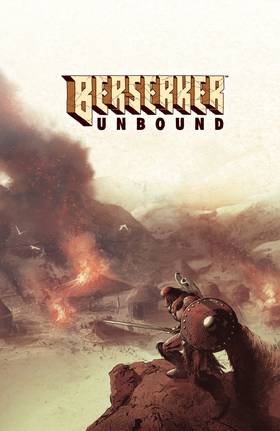 Read Berserker Unbound  1 Page 4 in English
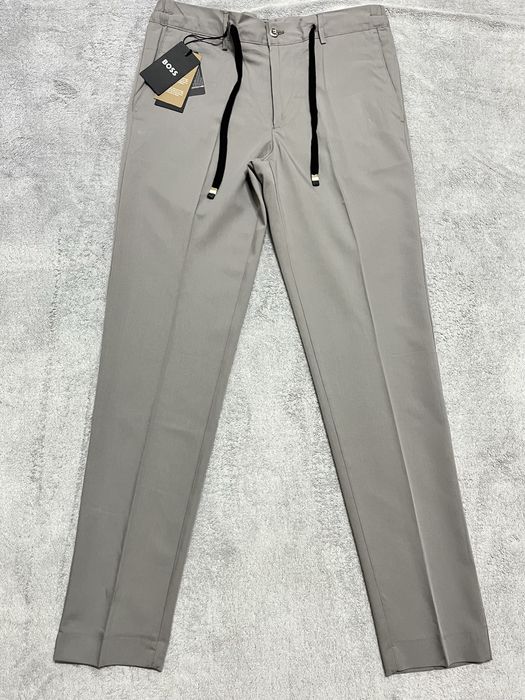 Pantaloni eleganți calitate Luxury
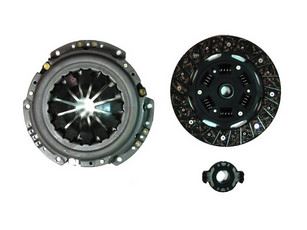 Clutch Kit - Clutch Pro KRV20001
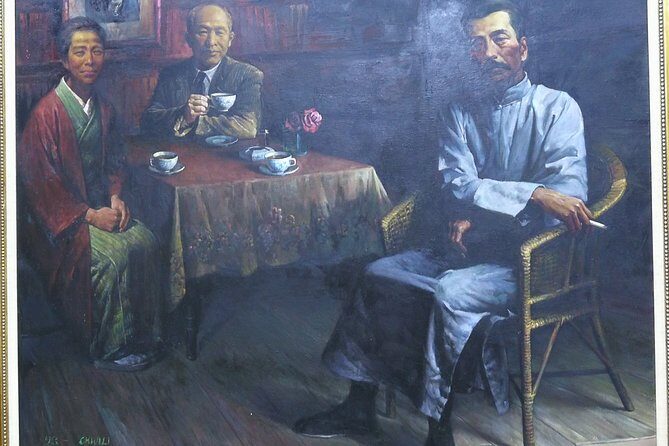 Historic Hongkou--Asian settlement - Final Thoughts: Who Should Consider This Tour?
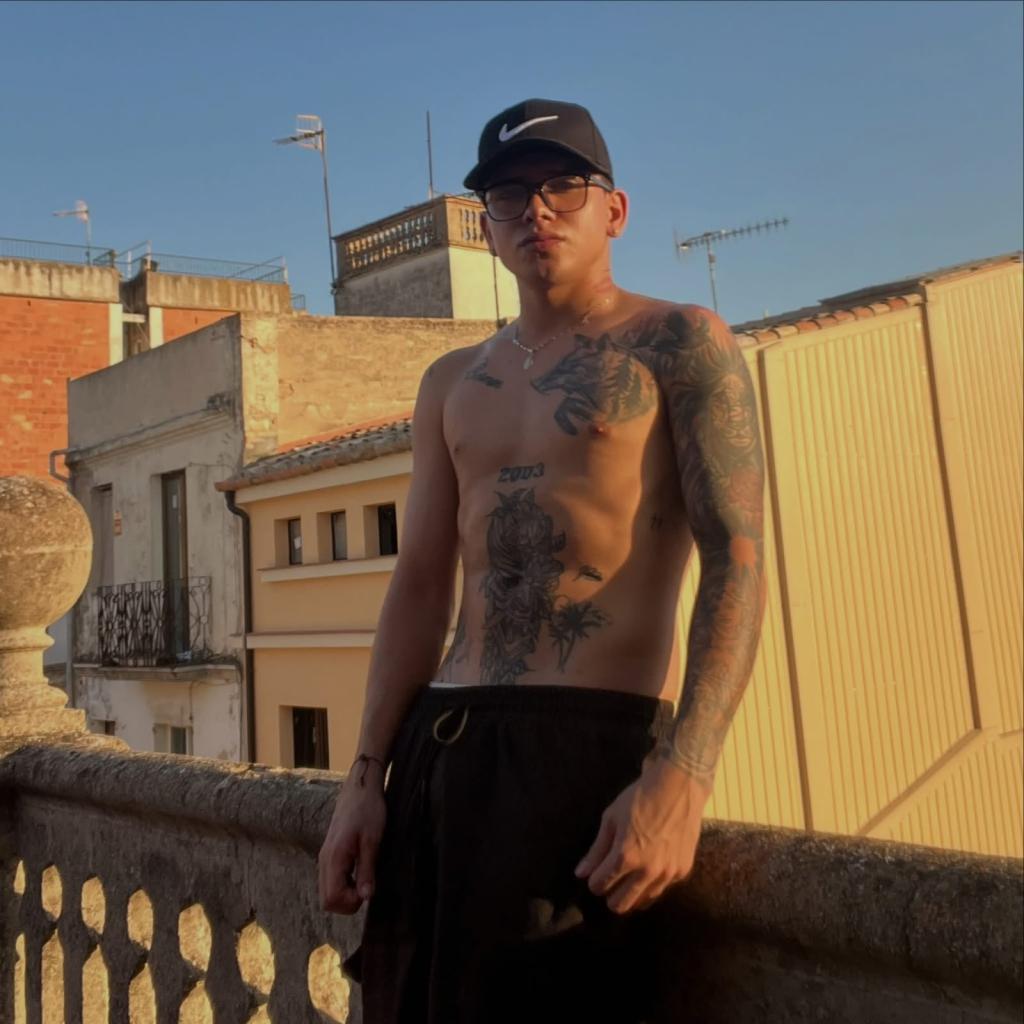 Chico busca chica en Valencia: 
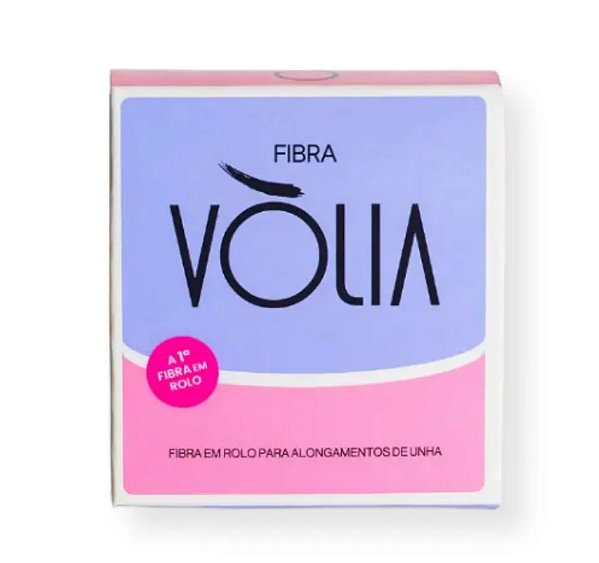 FIBRA DE VIDRO VOLIA - 4 METROS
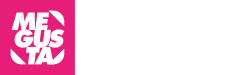 MEGUSTA Paraguay Logo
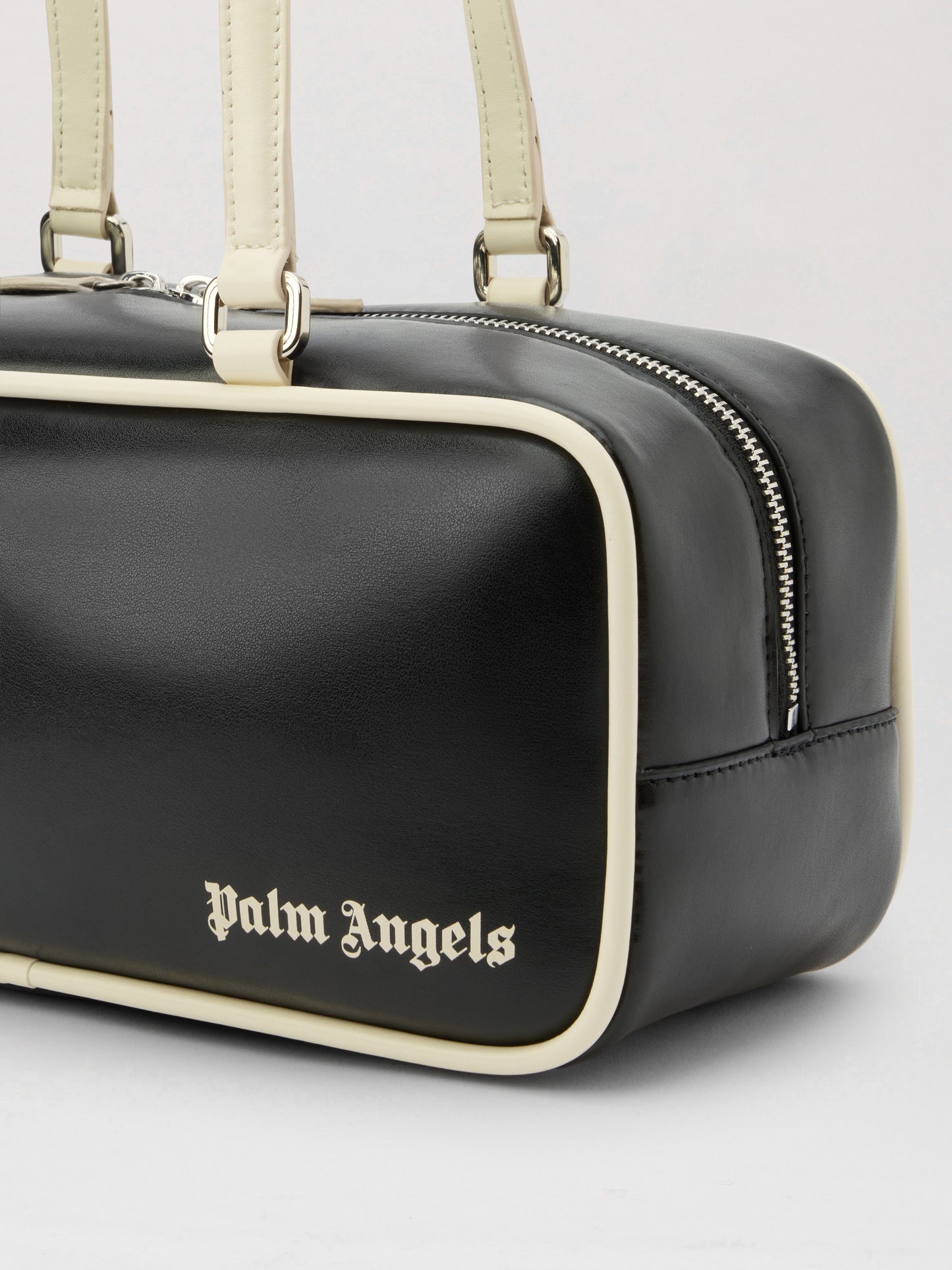 Classic Logo Shoulder Bag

EXERCISE DETAILS ::
Copy out all the data exactly. The images should not appear in the copy.

RESPONSE TO THE TASK ::
 Read Berserker Unbound  1 Page 4 in English
 Pantaloni eleganți calitate Luxury
 Clutch Kit - Clutch Pro KRV20001
 Historic Hongkou--Asian settlement - Final Thoughts: Who Should Consider This Tour?
 Chico busca chica en Valencia: 
 FIBRA DE VIDRO VOLIA - 4 METROS
 MEGUSTA Paraguay Logo
 Classic Logo Shoulder Bag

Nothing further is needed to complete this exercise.